Aussi bien Pauline Marois que François Legault se sont engagés à en déclencher une s'ils sont appelés à former le gouvernement. Si le premier ministre craint que l'image de son parti soit ternie pour des années, il a tout intérêt à fixer lui-même les paramètres de l'exercice. Même s'il trouvait les conclusions de l'enquête décevantes, un nouveau gouvernement ne pourrait pas en tenir une autre.
Depuis une dizaine de jours, le gouvernement a plus ou moins réussi à faire accepter qu'une partie des audiences se déroule à huis clos et il va certainement tout faire pour limiter les audiences publiques le plus possible, la difficulté étant de ne pas donner l'impression d'un simulacre d'enquête.
La marge de manoeuvre des partis d'opposition est cependant limitée. En les invitant à s'associer à l'opération, le gouvernement les met du même coup en demeure de ne pas jouer indûment les trouble-fête. L'opposition a de bonnes raisons de se méfier, mais le désir légitime de s'assurer que l'enquête ait les moyens d'aller au fond des choses ne doit pas se traduire par une intransigeance telle qu'elle s'apparenterait à du sabotage.

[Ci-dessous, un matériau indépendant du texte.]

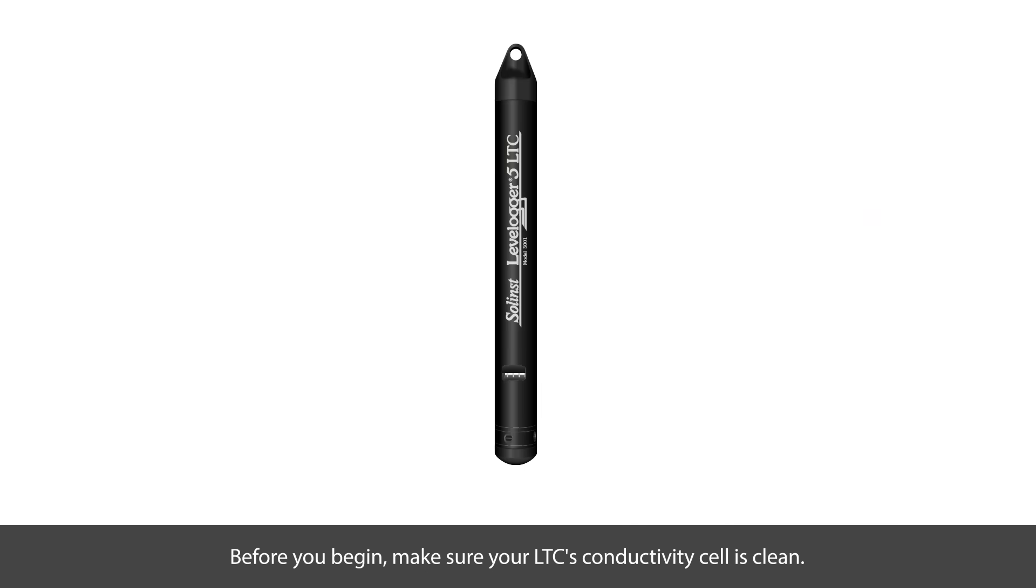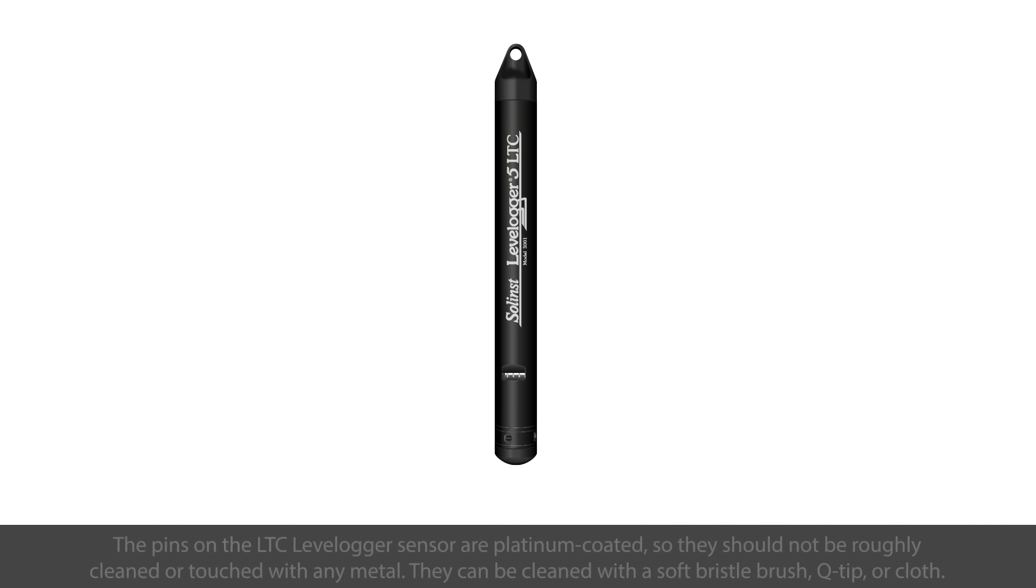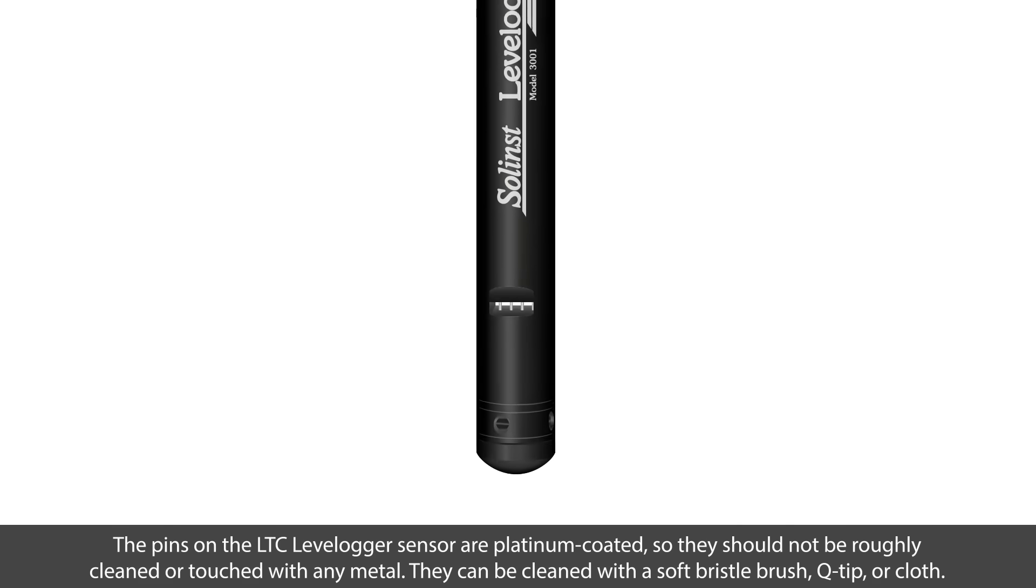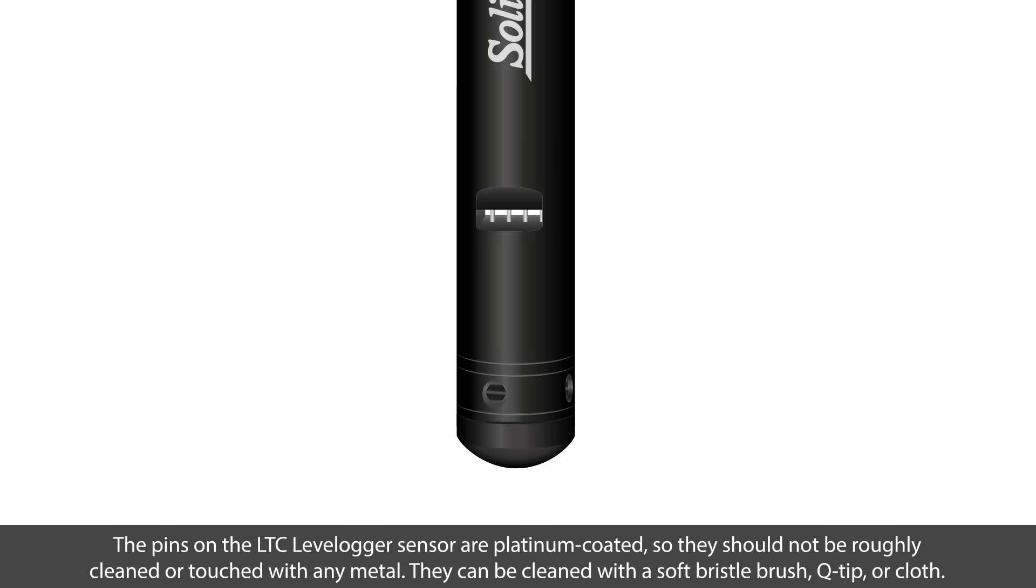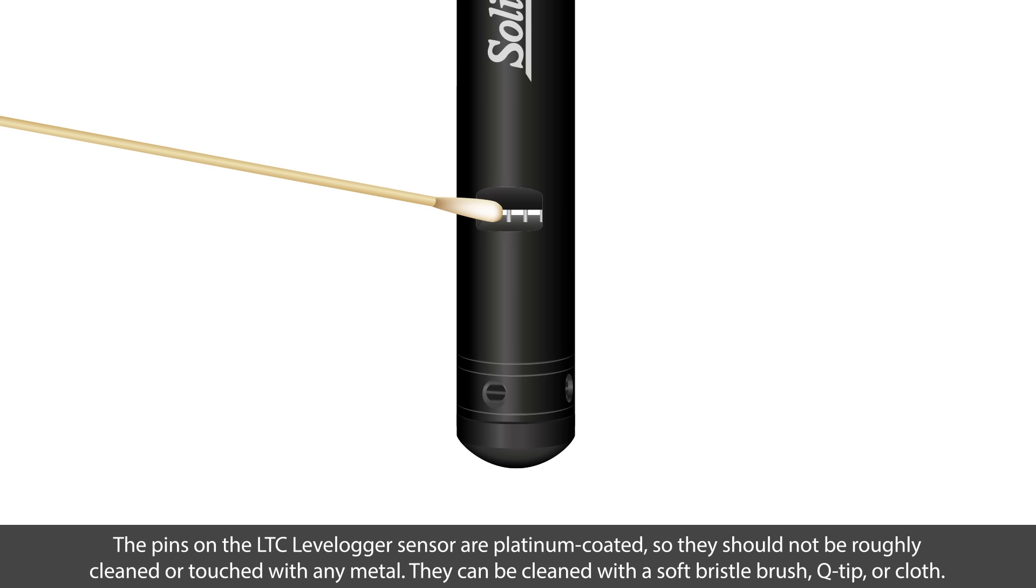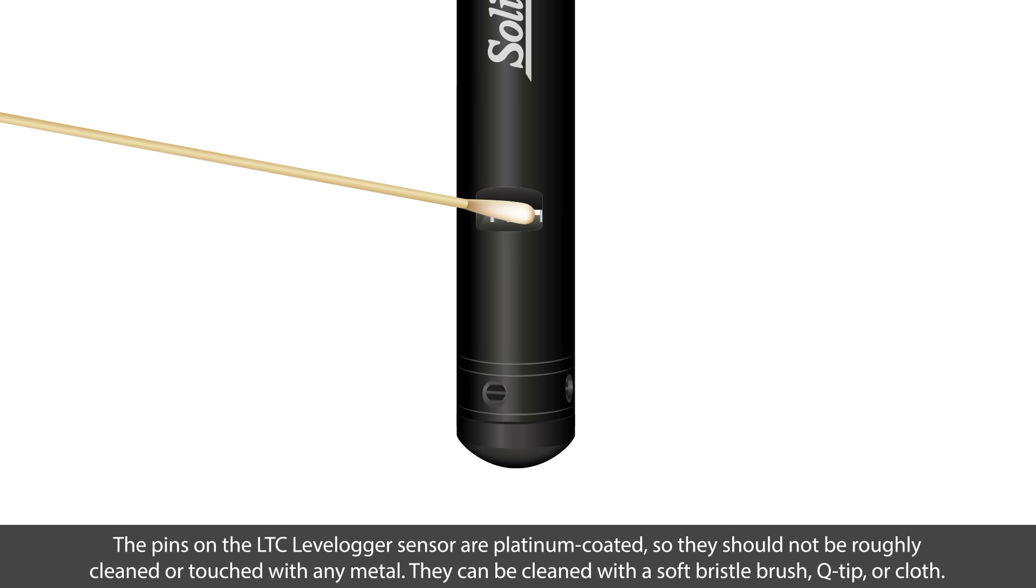Before you begin, make sure your LTC's conductivity cell is clean. The pins on the LTC LevelLogger sensor are platinum coated, so they should not be roughly cleaned or touched with any metal. They can be gently cleaned using a soft bristle brush, q-tip or cloth.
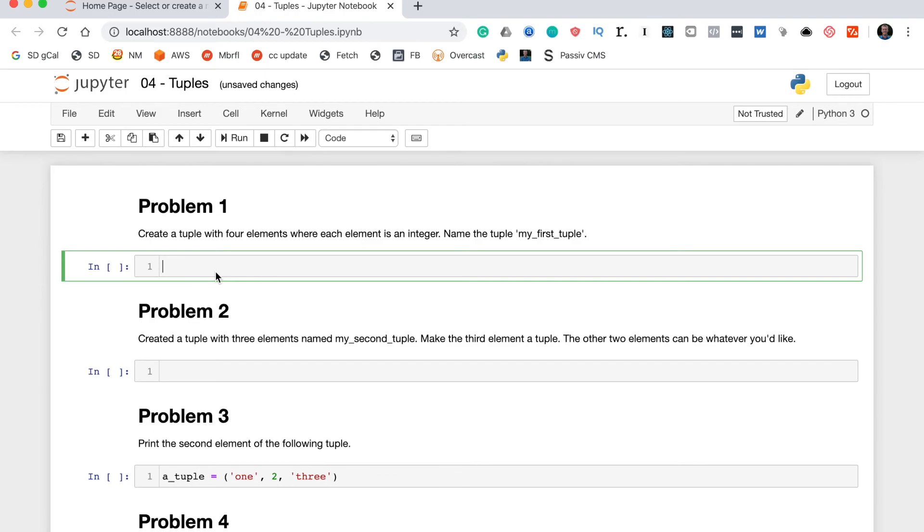We'll start with problem 1, which says create a tuple with 4 elements where each element is an integer. Name the tuple my_first_tuple. So to do this we will start by writing the variable name, which as specified is my_first_tuple, and then we'll write the assignment operator which is the equal sign.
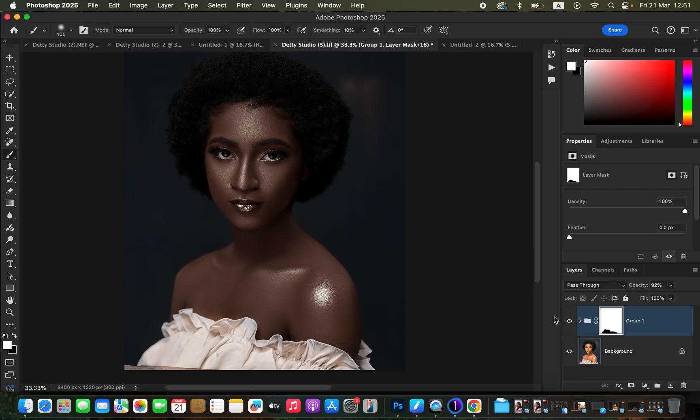This is how you can easily darken skin tone or change light skin to dark skin in Photoshop. If you enjoyed this video, don't forget to like and subscribe. This is Ronix from Ronix Photography — thank you for watching, keep practicing, and keep creating.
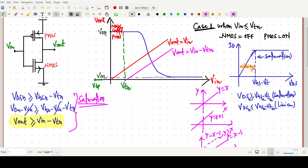Above the line V_output = VIN − VTN, V_output is greater, so this yellow region is our nMOS saturation region. Below this line would be the linear region for nMOS.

Dans l'état actuel des choses, c'est-à-dire des sondages, M. Charest ne sait probablement pas encore quand il déclenchera des élections, ni même s'il sera toujours là. Si les élections ont lieu au printemps, le déclenchement d'une enquête dont les conclusions ne seront pas connues avant longtemps lui permettrait de faire campagne en paix. Si les élections sont plus tard, une enquête bien balisée pourrait au moins limiter les dégâts que son parti aura à subir.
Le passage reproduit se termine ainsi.